====== EXTRACTED MATERIAL

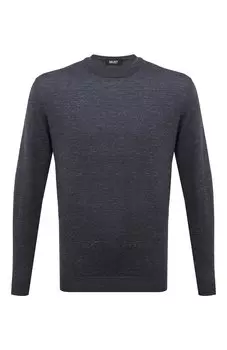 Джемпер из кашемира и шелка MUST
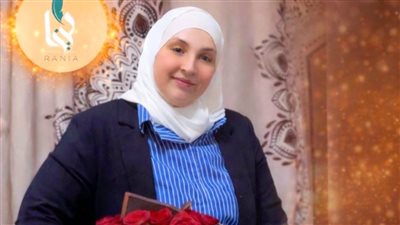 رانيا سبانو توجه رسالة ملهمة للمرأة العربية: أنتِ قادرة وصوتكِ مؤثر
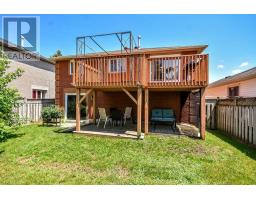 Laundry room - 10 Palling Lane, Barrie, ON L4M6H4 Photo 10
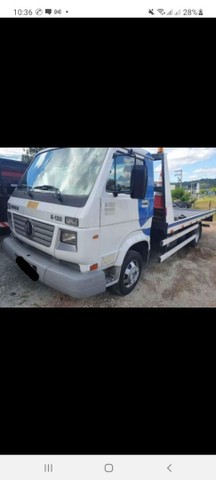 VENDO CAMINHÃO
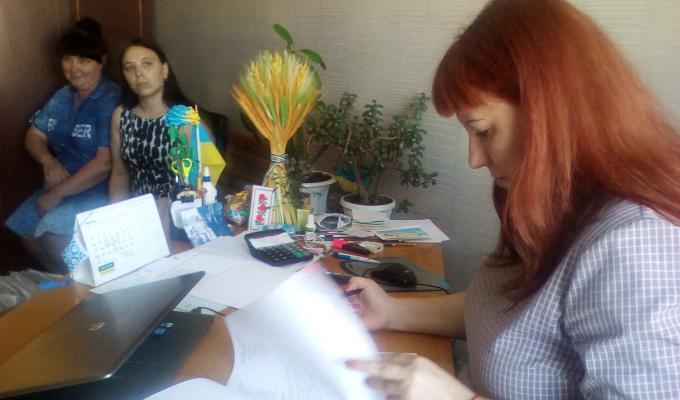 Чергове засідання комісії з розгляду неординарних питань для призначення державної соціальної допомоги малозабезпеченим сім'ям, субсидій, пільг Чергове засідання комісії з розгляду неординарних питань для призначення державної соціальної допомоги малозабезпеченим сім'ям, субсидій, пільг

============
====== EXTRACTED MATERIAL

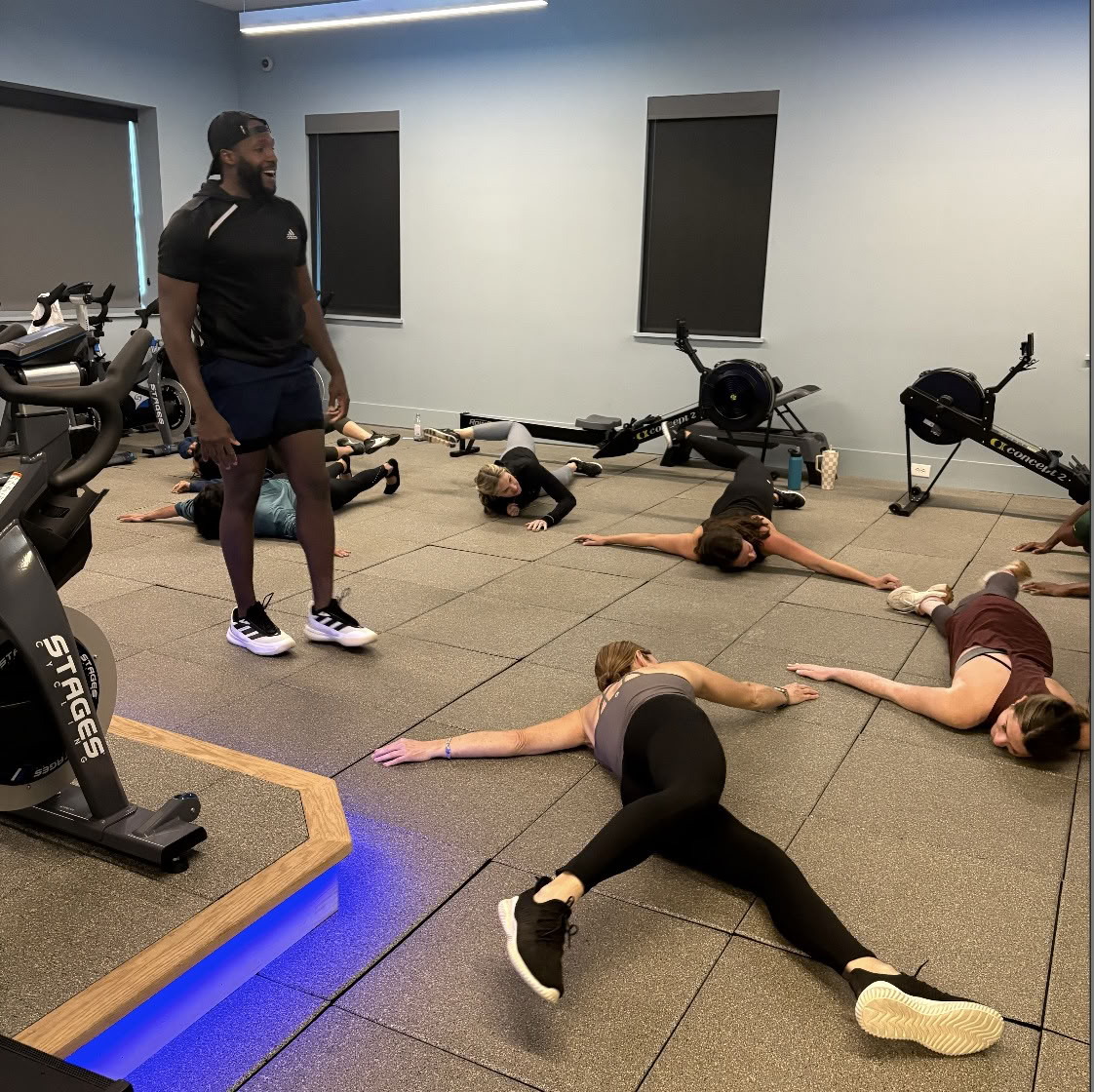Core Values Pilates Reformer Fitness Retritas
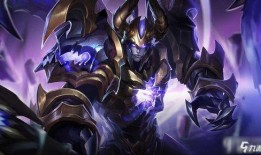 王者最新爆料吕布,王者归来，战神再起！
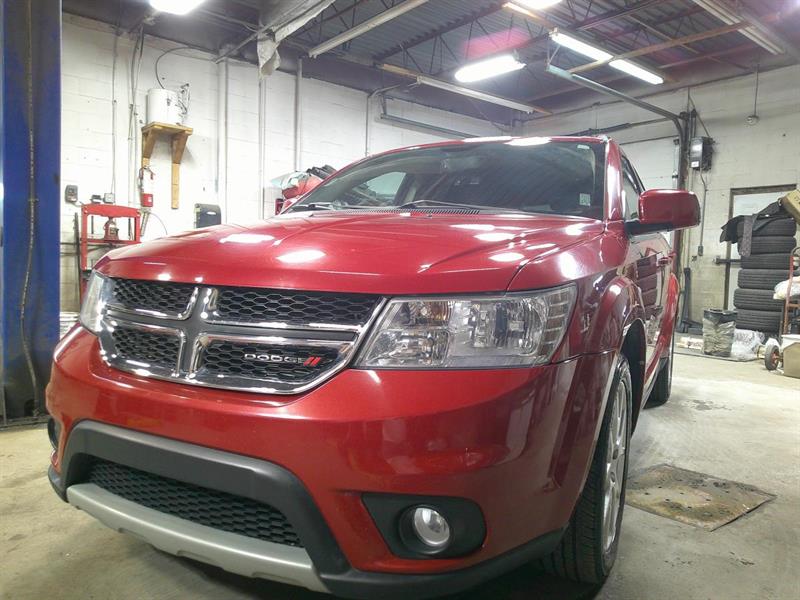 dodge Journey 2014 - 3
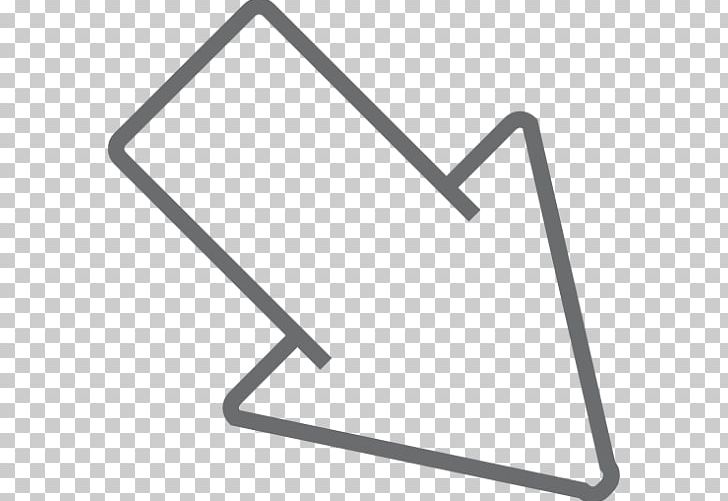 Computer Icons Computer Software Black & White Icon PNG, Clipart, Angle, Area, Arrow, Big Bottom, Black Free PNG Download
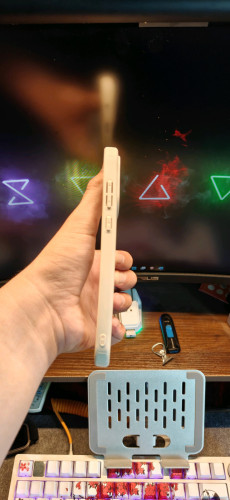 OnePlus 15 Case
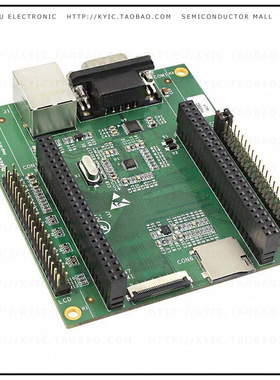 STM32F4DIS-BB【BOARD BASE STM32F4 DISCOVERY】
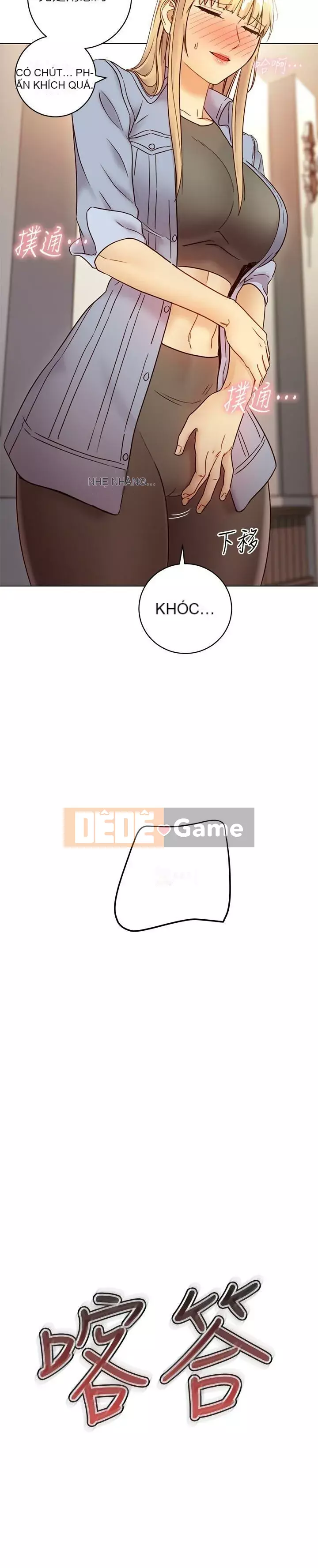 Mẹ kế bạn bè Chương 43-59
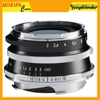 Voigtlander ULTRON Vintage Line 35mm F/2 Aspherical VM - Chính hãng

============
====== EXTRACTED MATERIAL

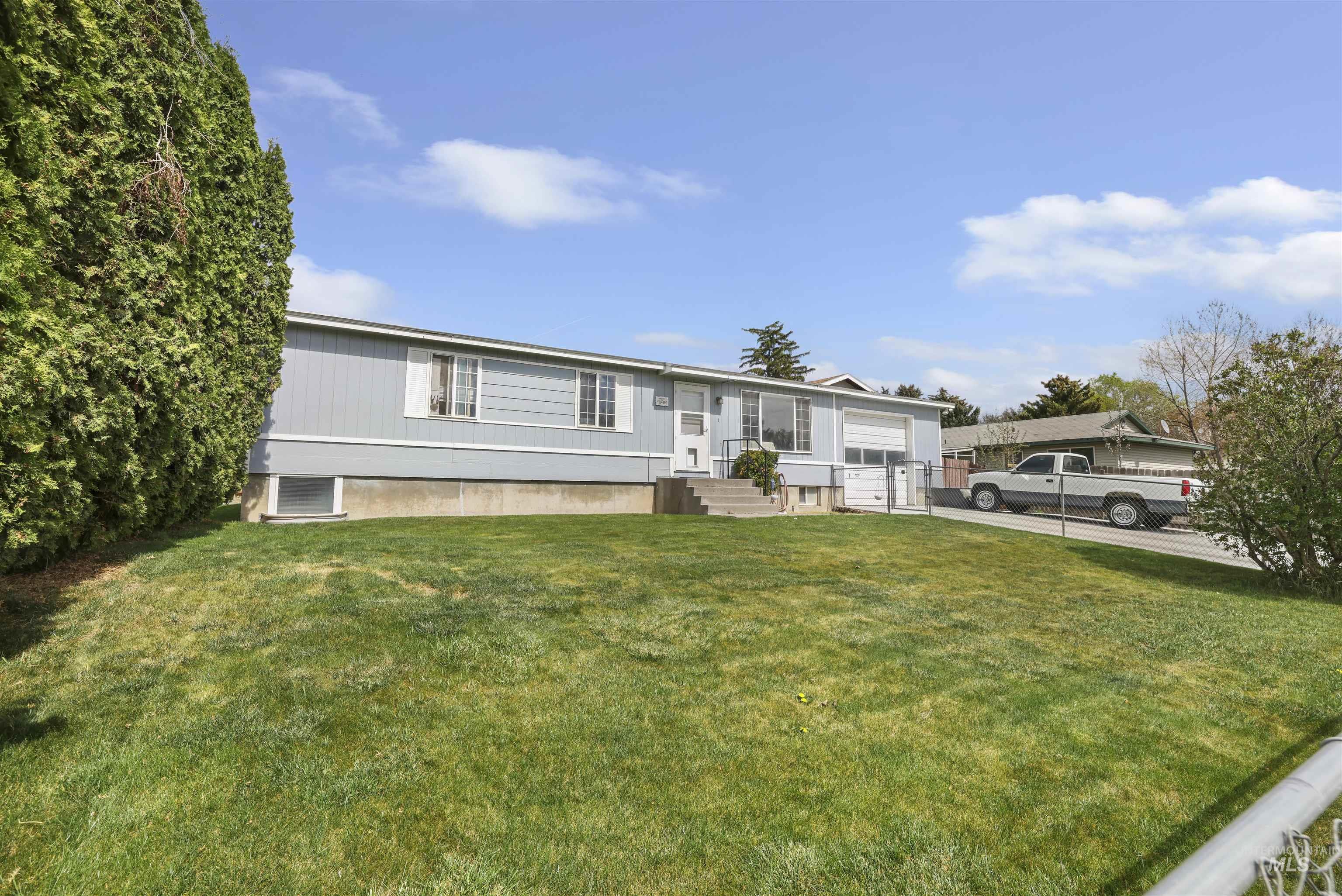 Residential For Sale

============

> WHAT YOU HAVE TO DO
When you reach the line with "VENDO CAMINHÃO" in the records above, begin repeating the lines exactly, and stop after the line with "субсидій, пільг Чергове". Skip all pictures.

> EXERCISE RESULT
 VENDO CAMINHÃO
 Чергове засідання комісії з розгляду неординарних питань для призначення державної соціальної допомоги малозабезпеченим сім'ям, субсидій, пільг Чергове засідання комісії з розгляду неординарних питань для призначення державної соціальної допомоги малозабезпеченим сім'ям, субсидій, пільг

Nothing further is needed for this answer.